By IANS,
New Delhi: With a former top bureaucrat claiming he sought a hike in the 2G spectrum entry fee a month ahead of the allocations in January 2008, the BJP and the CPI Friday sought a response from Prime Minister Manmohan Singh on why he did not act on the advice.
Bharatiya Janata Party (BJP) spokesperson Ravi Shankar Prasad, responding to the claims of former cabinet secretary K.M. Chandrasekhar, said questions needed to be answered as to why the prime minister did not respond to the bureaucrat’s letter or take a contrary view and allow allocation of spectrum at a lower price.
“These are important questions. If the JPC is for having a fair probe, it can happen only after knowing what the prime minister did on the opinion given by the cabinet secretary. The prime minister should have ensured that the spectrum is not allocated at a lower price,” he said here.
Prasad is member of the JPC probing the 2G spectrum allocation and represents the BJP from the Rajya Sabha.
Communist Party of India’s (CPI) Gurudas Dasgupta, who is also a JPC member and who had quizzed Chandrasekhar in the panel meeting Thursday, said it was the “constitutional responsibility” of the prime minister to ensure the spectrum was not given away at lower prices.
“The prime minister has not done his job by not taking note of the letter.

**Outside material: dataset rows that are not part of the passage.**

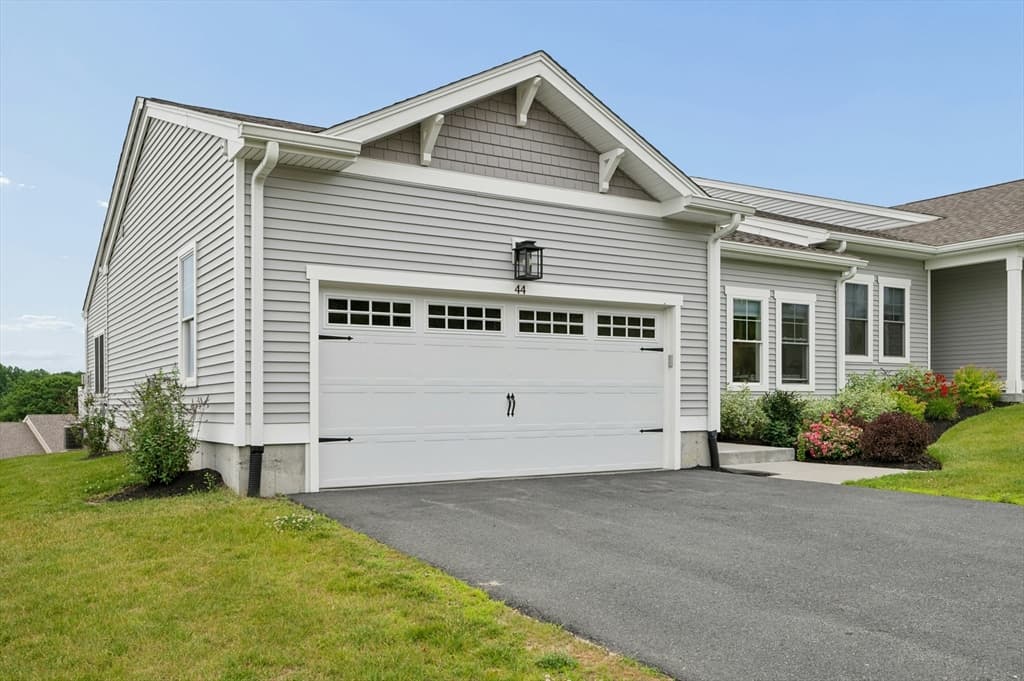 Condominium at 44 Logans Run # 44, Millbury MA 01527, Millbury, photo 2 of 41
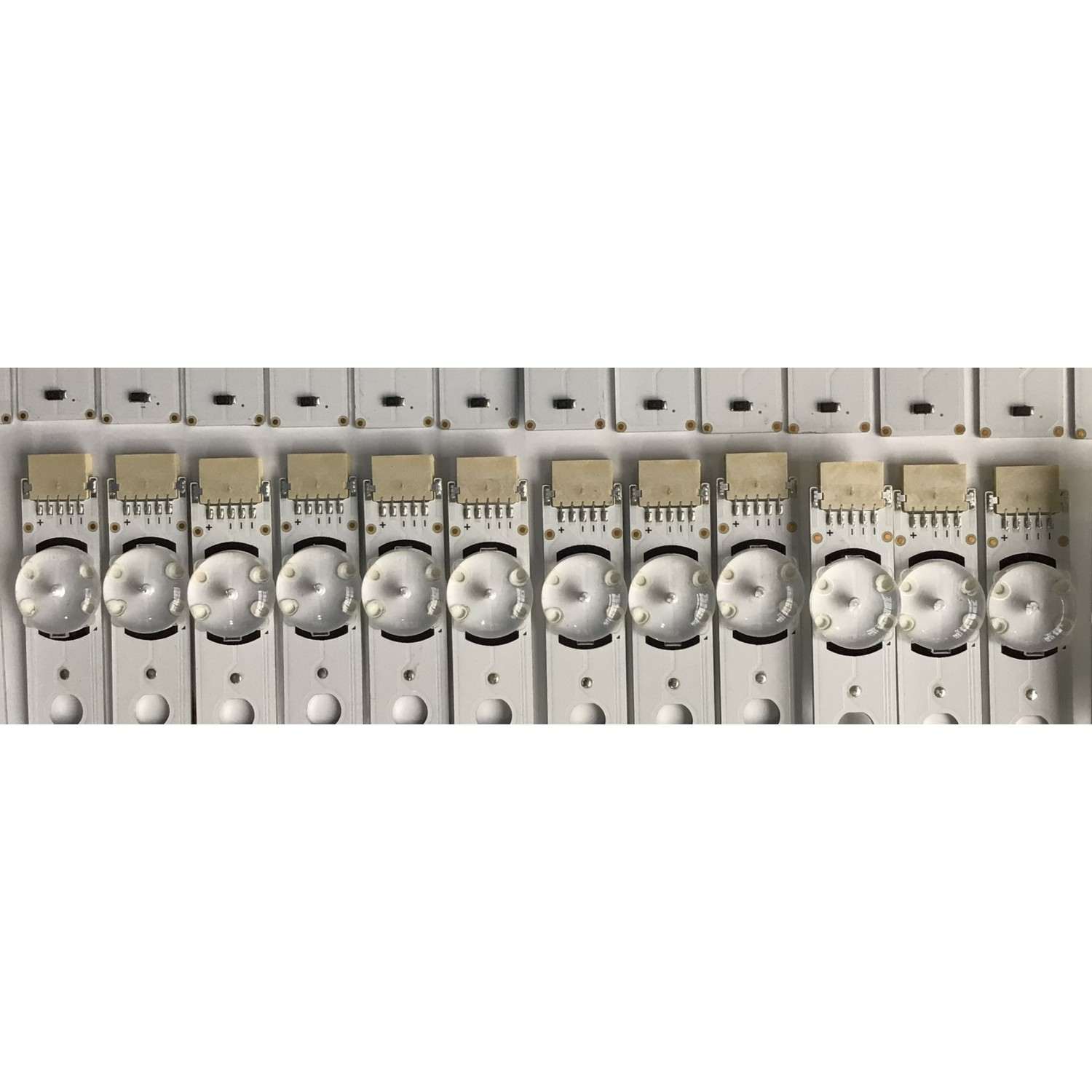 KIT DE LED'S PARA TV LG (60 PIEZAS) / EAV64593201 / EAV64593301 / SSC_Y19 SLIMDRT_A_86SM90_S / SSC_Y19 SLIMDRT_B_86SM90_S / SSC_Y19 SLIMDRT_A_86SM90_REV00_190122 / SSC_Y19 SLIMDRT_B_86SM90_REV00_190122 / PANEL NC86DQD / MODELOS 86NAN090UNA / 86SM9070PUA - Imagen 4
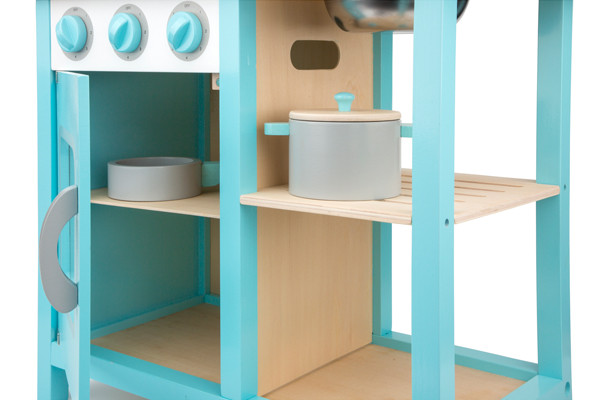 Backofen und Stauraum.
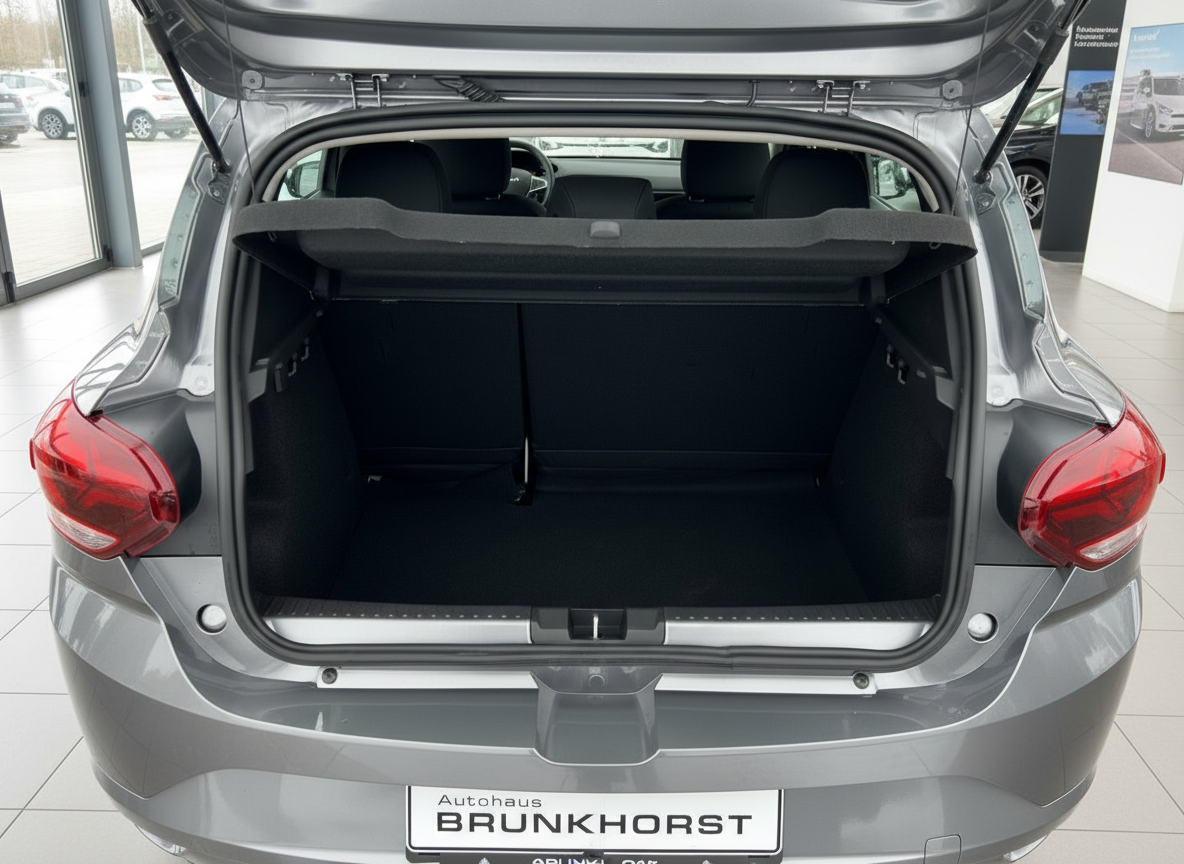 Kofferraum geöffnet grauer Opel Corsa Autohaus Brunkhorst Heckansicht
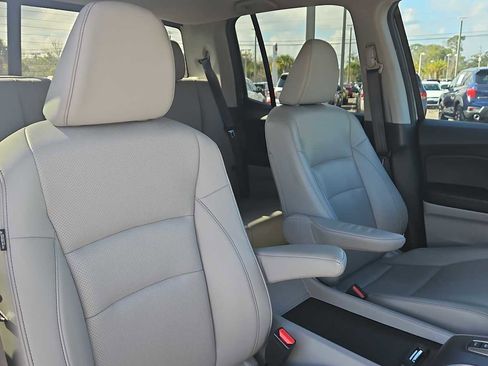 Used 2023 Honda Ridgeline RTL-E image 27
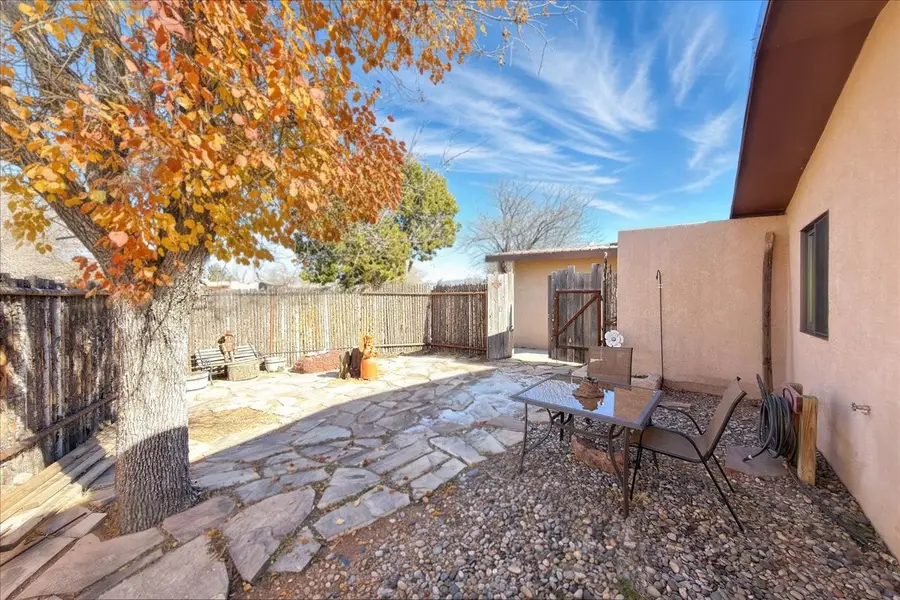 3312 Avenida Del Oro, Santa Fe, NM 87507 - #2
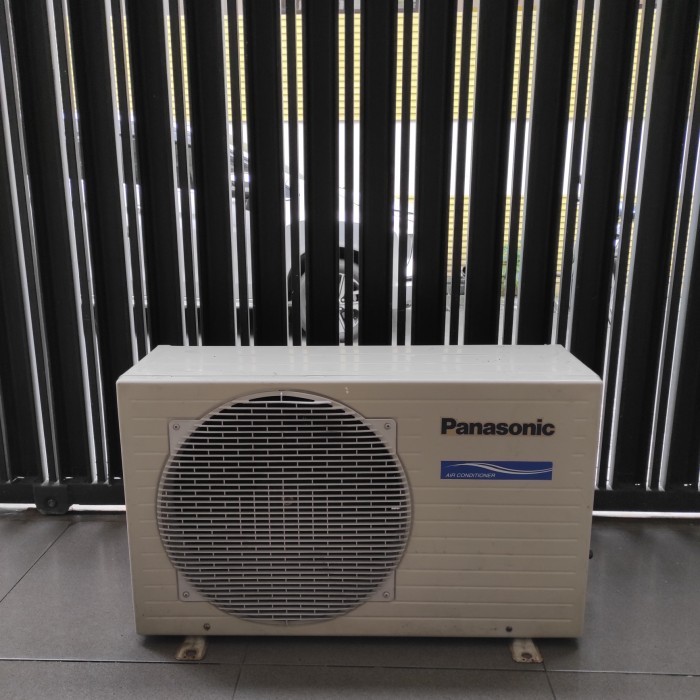 Outdoor ac panasonic 1/2 pk second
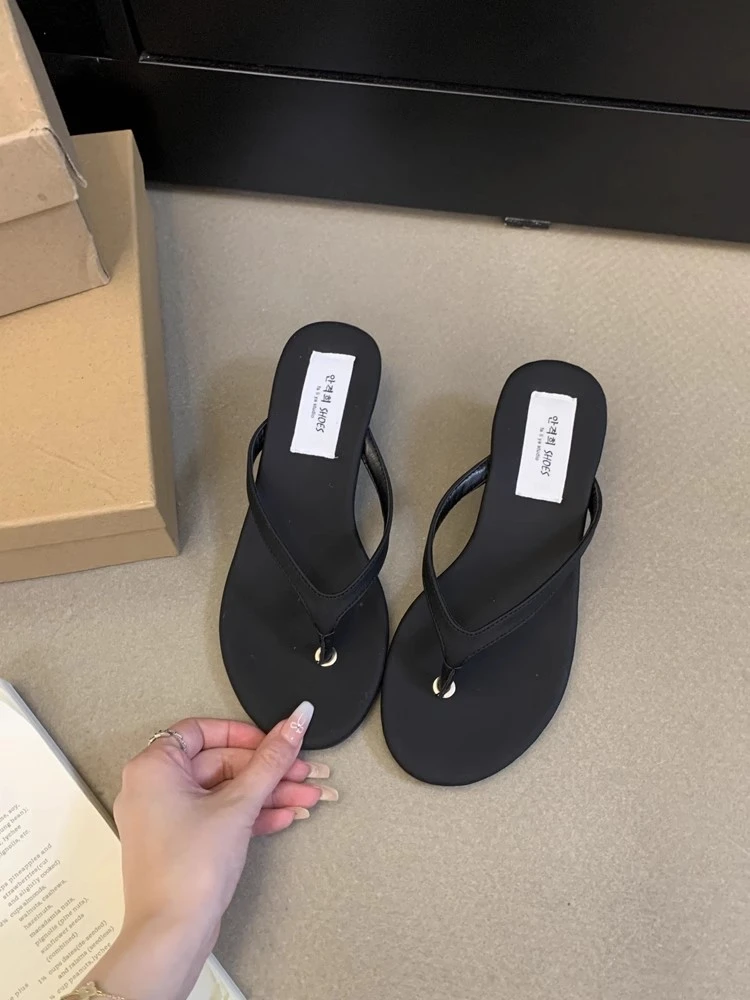 【好物分享】韩版简约休闲坡跟人字拖鞋女2024夏季新款夹趾小凉拖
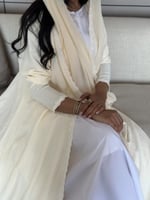 عباية كريب امريكي أصفر فاتح مع كلفة ورد ابيض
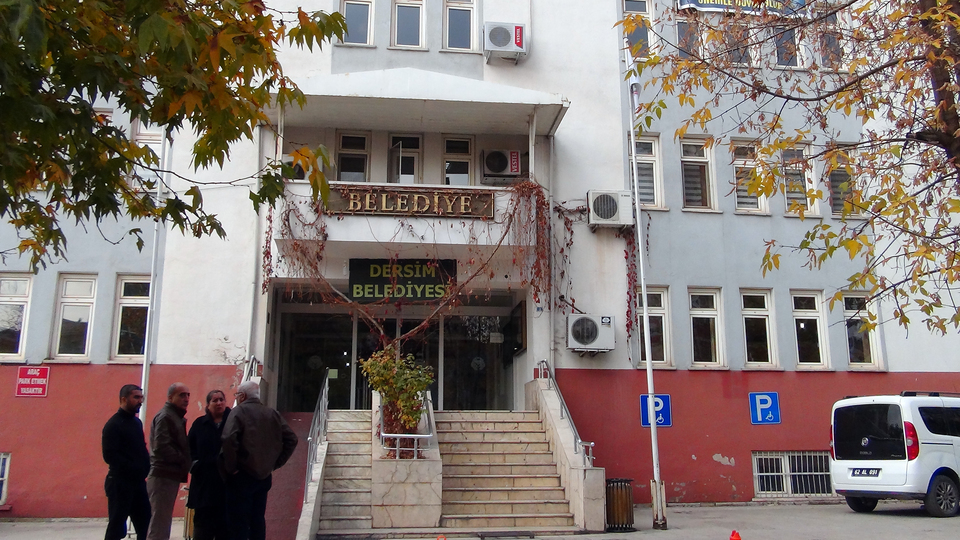 Tunceli Belediyesi'ne de kayyum atandı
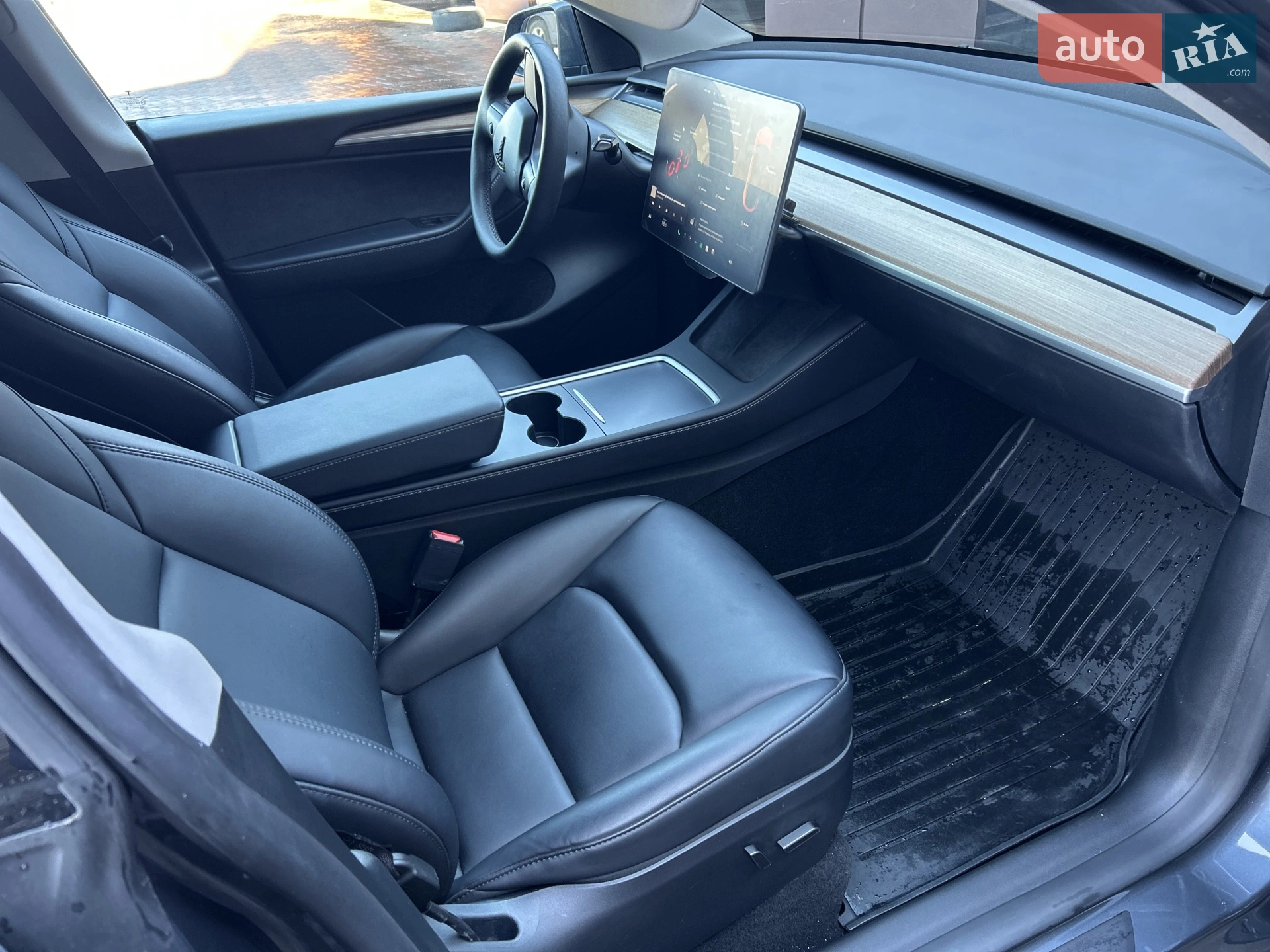 2023 Tesla Model Y - мініатюра 10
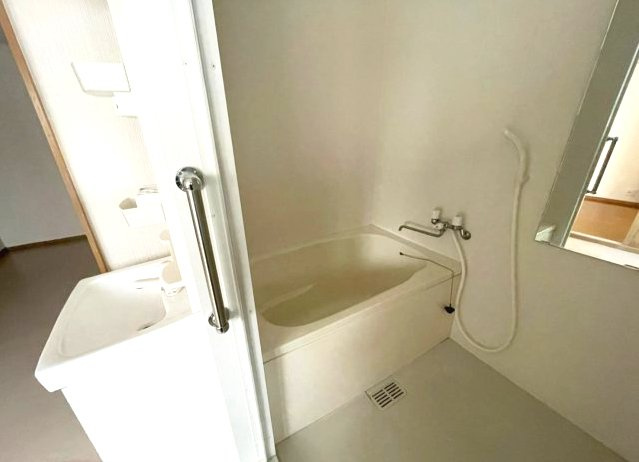 栗田マンションの浴室|イメージとして同建物他部屋を表示しています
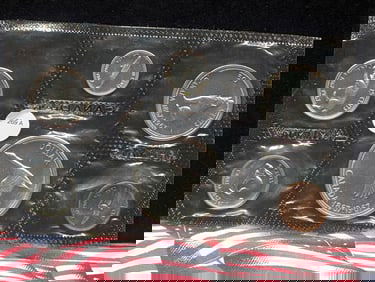 1967 Canadian Silver Proof Set, Contains (3) 80% Silver coins - Dollar 23.32 Gr., Half Dollar 2.332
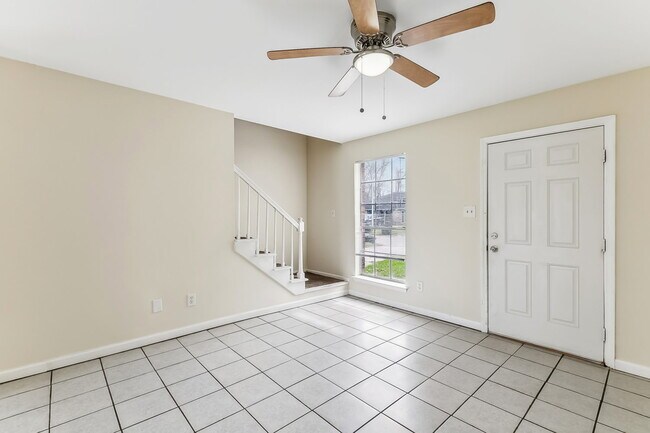 Foto del edificio - 12483 Warfield Ave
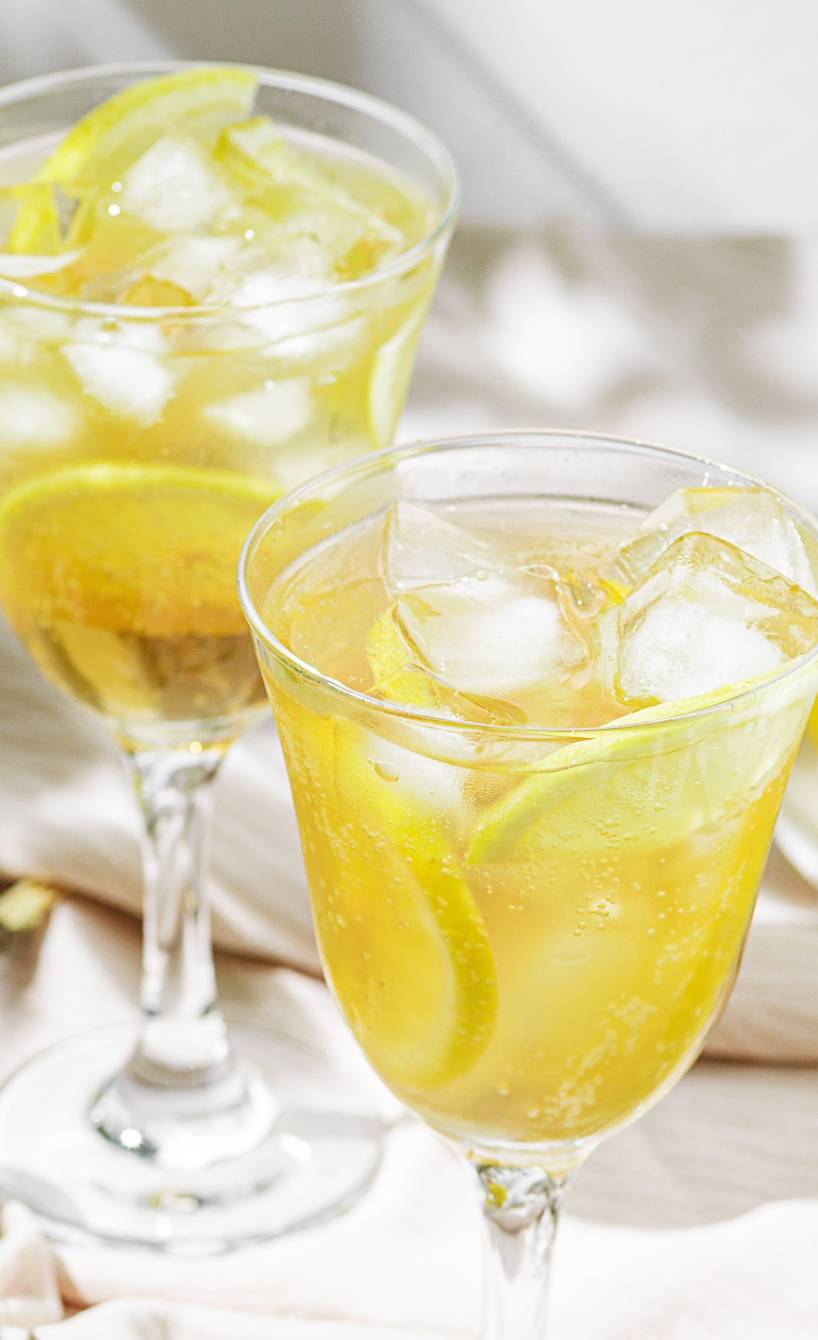 Getränke mit Limoncello auf einem Tisch Getränke mit Limoncello auf einem Tisch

Is that not part of his responsibility,” Dasgupta asked.
Chandrasekhar, in his deposition before the Joint Parliamentary Committee (JPC) Thursday, maintained that he had favoured Rs.35,000 crore ($6.5 billion) as entry fee for spectrum allocation in November 2007, instead of the Rs.1,561 crore ($310 million) that was fixed in January 2008.
He also claimed that he wrote the note on the pricing to the prime minister in December 2007 on being asked to provide an assessment on the implications of the pricing, but did not receive any response from the Prime Minister’s Office to his letter.